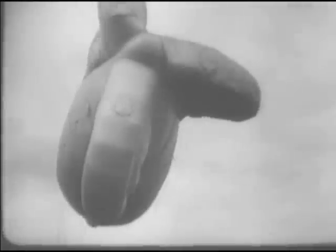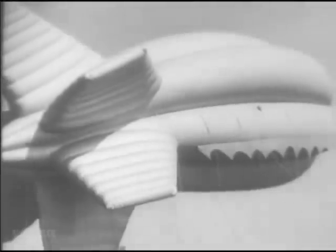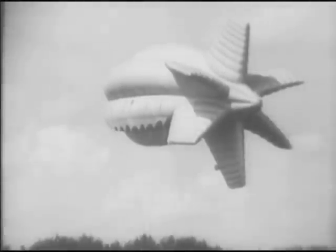Overseas, warring Britain uses barrage balloons to keep enemy bombers at high altitudes. Just how effective they've been is very secret, but American experts believe the barrage balloon with its drag net of steel cables is practical as an anti-aircraft screen.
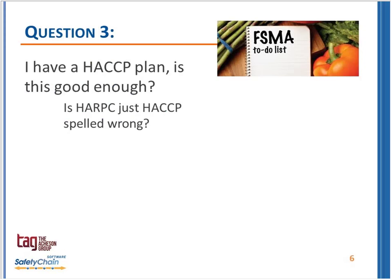I have a HACCP plan — is this good enough? Is HARPC just HACCP spelled wrong? My view is that a HACCP plan really isn't enough, but it's a fantastic start. Nobody who's got a HACCP plan should throw it out and say it's worthless — it absolutely is valuable, because it's a risk-based preventive strategic plan. That's what HACCP is all about.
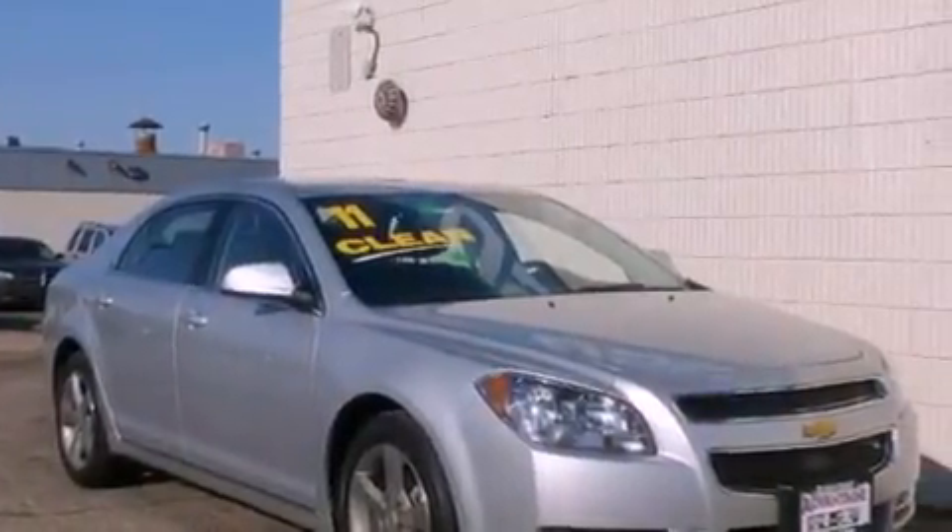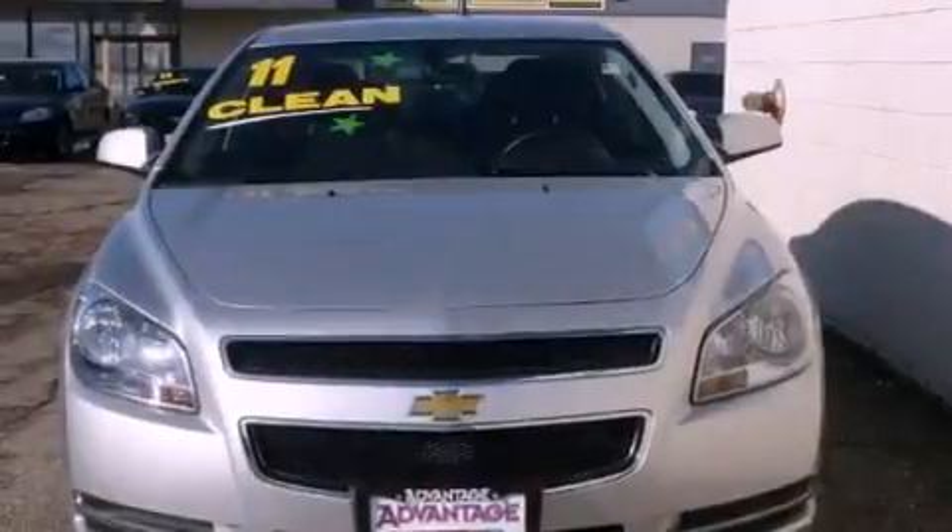With an EPA estimated rating of 33 miles per gallon on the highway, this automobile is clearly a fuel-efficient choice.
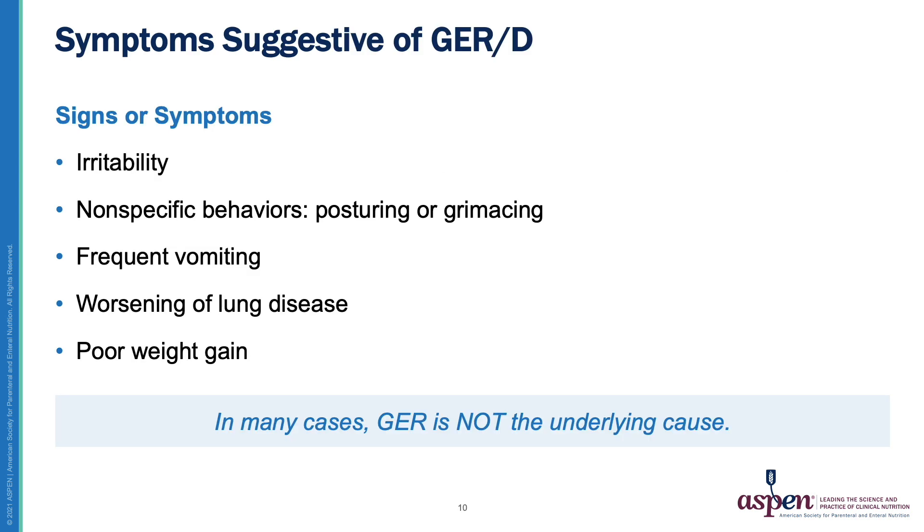Going through all of those non-specific signs and symptoms that are suggestive of gastroesophageal reflux or gastroesophageal reflux disease: irritability, posturing, grimacing, frequent vomiting, worsening of lung disease, and poor weight gain. However, as mentioned before, gastroesophageal reflux is frequently not the underlying cause.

····················

TASK INSTRUCTIONS
Begin with the line that contains "With an EPA" and copy every line through the end of the listing, exactly as written, both ends included. Pictures are not part of the copy.

YOUR SOLUTION
With an EPA estimated rating of 33 miles per gallon on the highway, this automobile is clearly a fuel-efficient choice.
Going through all of those non-specific signs and symptoms that are suggestive of gastroesophageal reflux or gastroesophageal reflux disease: irritability, posturing, grimacing, frequent vomiting, worsening of lung disease, and poor weight gain. However, as mentioned before, gastroesophageal reflux is frequently not the underlying cause.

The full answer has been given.